PointerToSample       Sample/alias
_______________......____________________
0x0112fc1c |          |   90   |
___________|___.....__|________|_______...

[0x0112fc04]  ...      [0x0112fc1c

In returnC() and returnC2() you are not asking to return the address.

在 returnC() 和 returnC2() 中，您不要求返回地址。

Both these functions return references to objects.
A reference is not the address of anything it is an alternative name of something (this may mean the compiler may (or may not depending on situation) use an address to represent the object (alternatively it may also know to keep it in register)).

这两个函数都返回对对象的引用。
引用不是任何事物的地址，它是事物的替代名称（这可能意味着编译器可能（或可能不取决于情况）使用地址来表示对象（或者它也可能知道将其保留在寄存器中）） .

All you know that a reference points at a specific object.
While a reference itself is not an object just an alternative name.

所有你知道的，一个参考点指向一个特定的对象。
虽然引用本身不是一个对象，但它只是一个替代名称。

All of your examples produce undefined run-time behavior. You are returning pointers or references to items that disappear after execution leaves the function.

您的所有示例都会产生未定义的运行时行为。您正在返回对在执行离开函数后消失的项目的指针或引用。

Let me clarify:

让我澄清一下：

int * returnA()
{
  static int a;  // The static keyword keeps the variable from disappearing. 
  int * j = 0;   // Declare a pointer to an int and initialize to location 0.
  j = &a;        // j now points to a.
  return j;      // return the location of the static variable (evil).
}

In your function, the variable jis assigned to point to a's temporary location. Upon exit of your function the variable adisappears, but it's former location is returned via j. Since ano longer exists at the location pointed to by j, undefined behavior will happen with accessing *j.

在您的函数中，变量j被分配为指向a的临时位置。退出函数后，变量a消失，但它以前的位置通过j. 由于a在 指向的位置不再存在j，访问 时会发生未定义的行为*j。

Variables inside functions should not be modified via reference or pointer by other code. It can happen although it produces undefined behavior.

其他代码不应通过引用或指针修改函数内的变量。尽管它会产生未定义的行为，但它可能会发生。

Being pedantic, the pointers returned should be declared as pointing to constant data. The references returned should be const:

迂腐，返回的指针应该声明为指向常量数据。返回的引用应该是 const：

const char * Hello()
{
  static const char text[] = "Hello";
  return text;
}

The above function returns a pointer to constant data. Other code can access (read) the static data but cannot be modified.

上面的函数返回一个指向常量数据的指针。其他代码可以访问（读取）静态数据但不能修改。

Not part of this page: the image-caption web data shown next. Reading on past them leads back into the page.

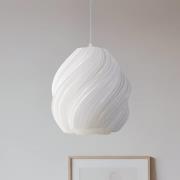 Lindby hanglamp Nuvia, Ø 30 cm, wit, 3D-print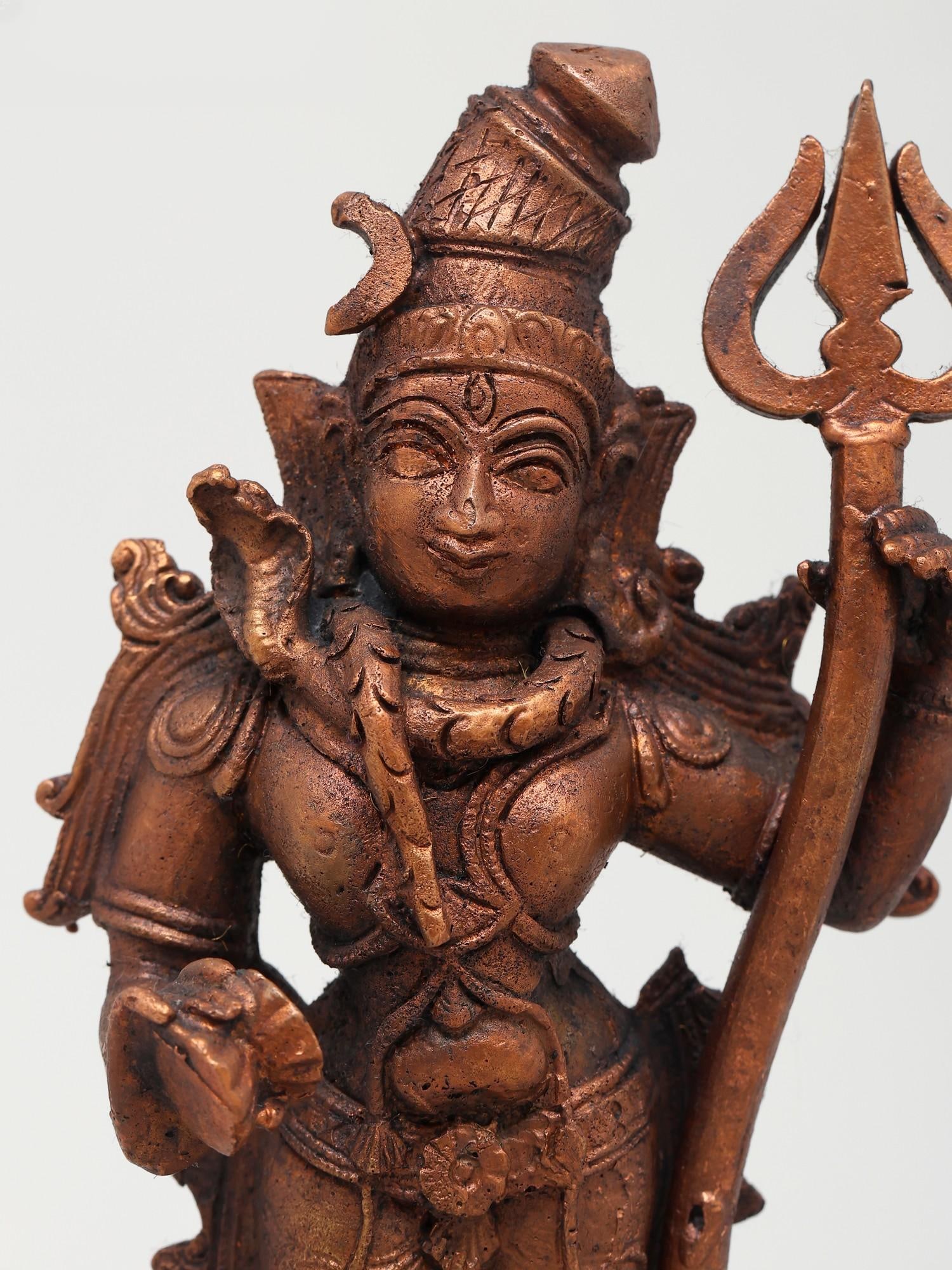7" Standing Lord Shiva Holding Trident and Damaru | Copper Statue - 2
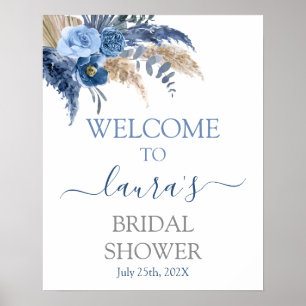 Póster Pampas Grass Bridal Shower Mensaje de bienvenida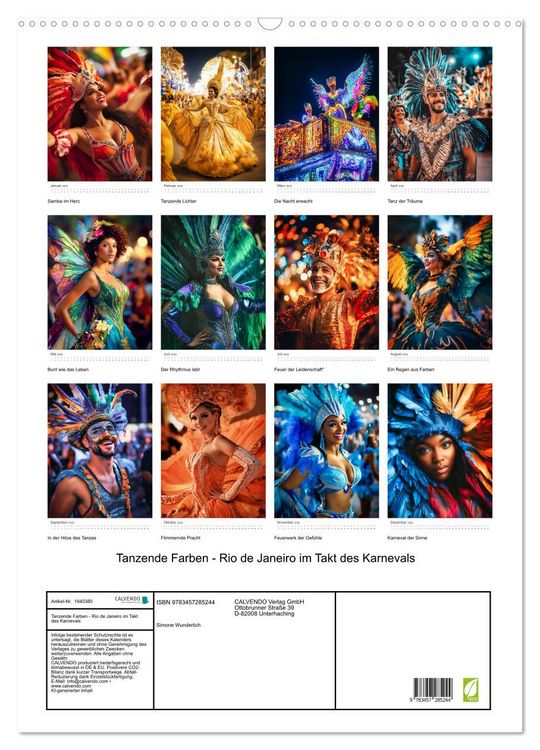 Produktbild: Tanzende Farben - Rio de Janeiro im Takt des Karnevals (Wandkalender 2026 DIN A2 hoch), CALVENDO Monatskalender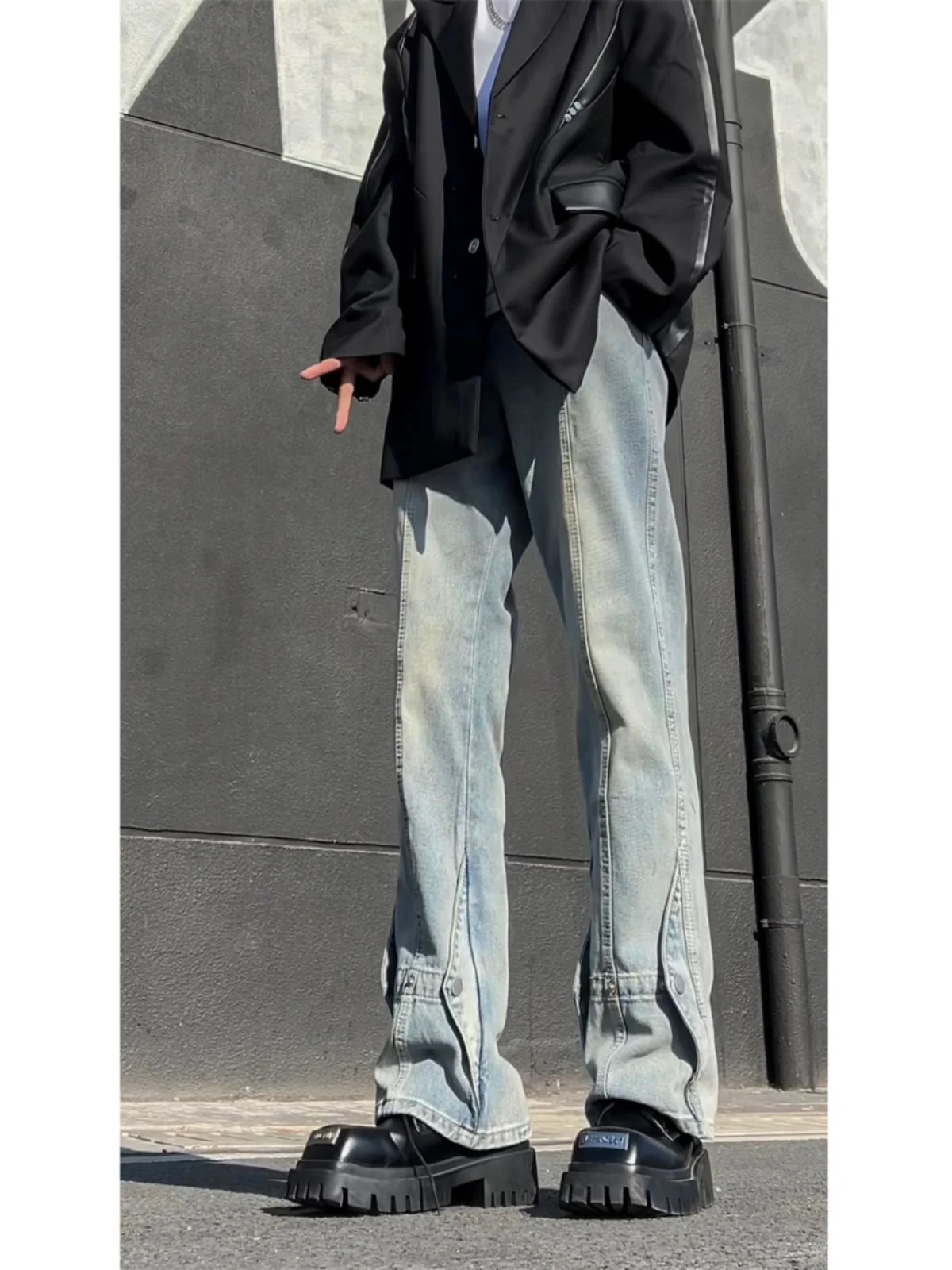 

American High Street Men's Design Sensation Straight Leg Workwear Jeans Spring Autumn New Sle Trendy Retro Haome Pants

const unsigned int& Counter()
{
  static unsigned int value = 0;
  value = value + 1;
  return value;
}

In the above function, the valueis initialized to zero on the first entry. All next executions of this function cause valueto be incremented by one. The function returns a reference to a constant value. This means that other functions can use the value (from afar) as if it was a variable (without having to dereference a pointer).

在上面的函数中，value在第一个条目上初始化为零。此函数的所有下一次执行value都会加一。该函数返回对常量值的引用。这意味着其他函数可以（从远处）使用该值，就好像它是一个变量一样（而不必取消对指针的引用）。

In my thinking, a pointer is used for an optional parameter or object. A reference is passed when the object must exist. Inside the function, a referenced parameter means that the value exists, however a pointer must be checked for null before dereferencing it. Also, with a reference, there is more guarantee that the target object is valid. A pointer could point to an invalid address (not null) and cause undefined behavior.

在我看来，指针用于可选参数或对象。当对象必须存在时传递引用。在函数内部，被引用的参数意味着该值存在，但是在取消引用之前必须检查指针是否为空。此外，通过引用，可以更好地保证目标对象是有效的。指针可能指向无效地址（非空）并导致未定义的行为。

Semantically, references do act as addresses. However, syntactically, they are the compiler's job, not yours, and you can treat a reference as if it is the original object it points to, including binding other references to it and having them refer to the original object too. Say goodbye to pointer arithmetic in this case.

从语义上讲，引用确实充当地址。但是，在语法上，它们是编译器的工作，而不是您的工作，您可以将引用视为它指向的原始对象，包括将其他引用绑定到它并使它们也引用原始对象。在这种情况下告别指针算法。

The downside of that is that you can't modify what they refer to - they are bound at construct time.

这样做的缺点是你不能修改它们所指的东西——它们在构造时被绑定。